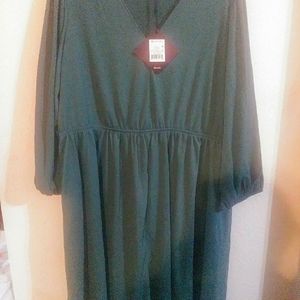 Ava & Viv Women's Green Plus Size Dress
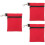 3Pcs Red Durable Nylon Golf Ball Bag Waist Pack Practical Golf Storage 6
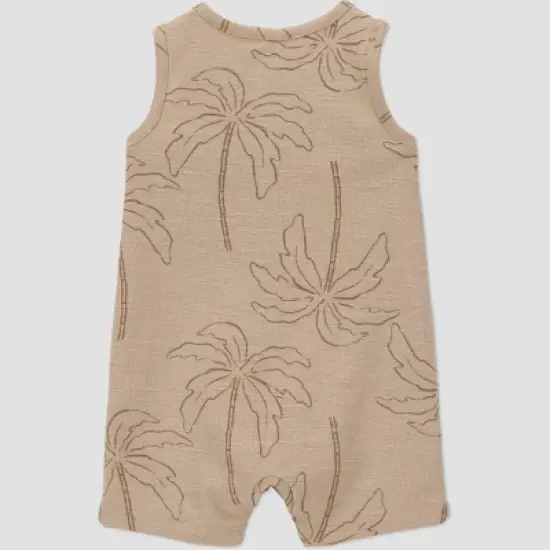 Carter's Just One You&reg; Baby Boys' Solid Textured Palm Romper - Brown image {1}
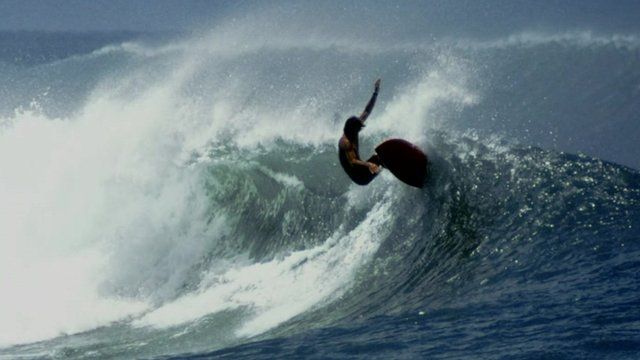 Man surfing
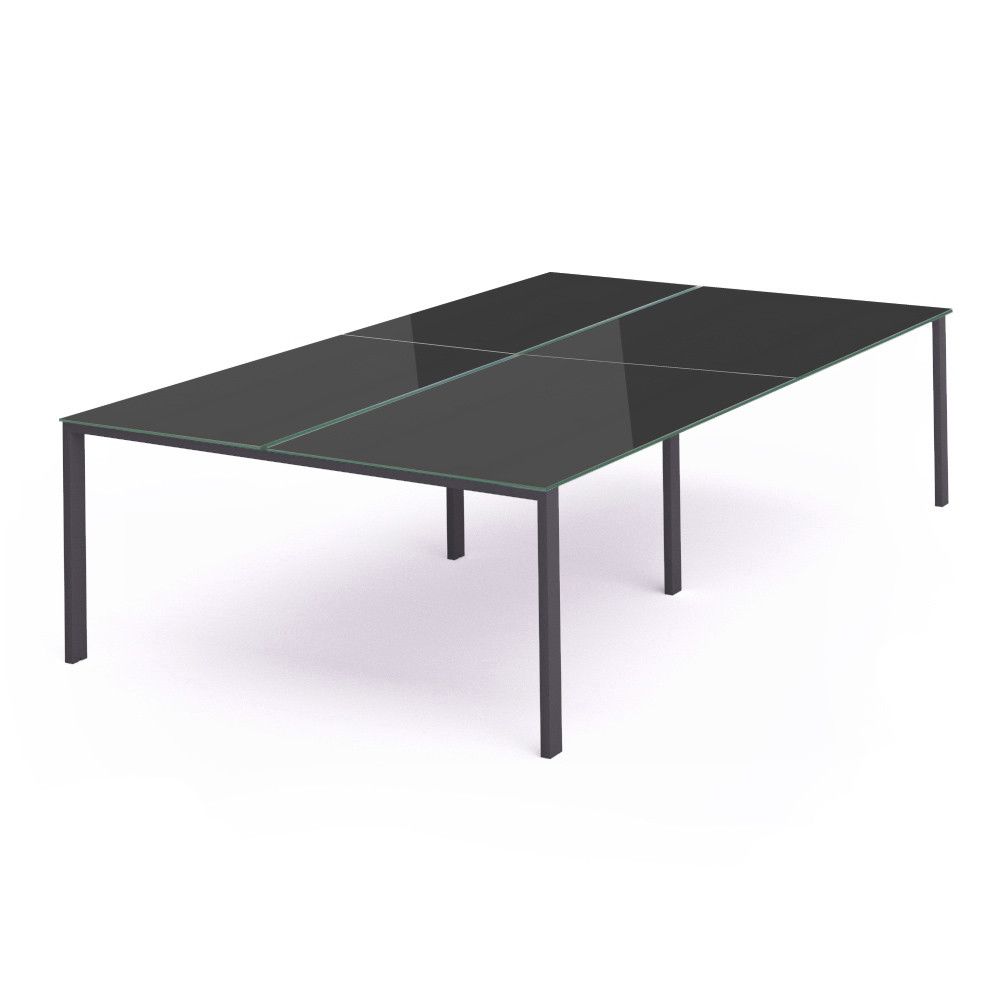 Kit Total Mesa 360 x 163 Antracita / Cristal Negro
###
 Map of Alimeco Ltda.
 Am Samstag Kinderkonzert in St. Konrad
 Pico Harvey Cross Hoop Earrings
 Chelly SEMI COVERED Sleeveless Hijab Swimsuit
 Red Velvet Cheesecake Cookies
###
TASK REQUIREMENTS
Go to the line above that has "Man surfing" and copy exactly from there down to the line that has "Kit Total Mesa", both included. Leave the pictures out.

RESULT OF THE TASK
 Man surfing
 Kit Total Mesa 360 x 163 Antracita / Cristal Negro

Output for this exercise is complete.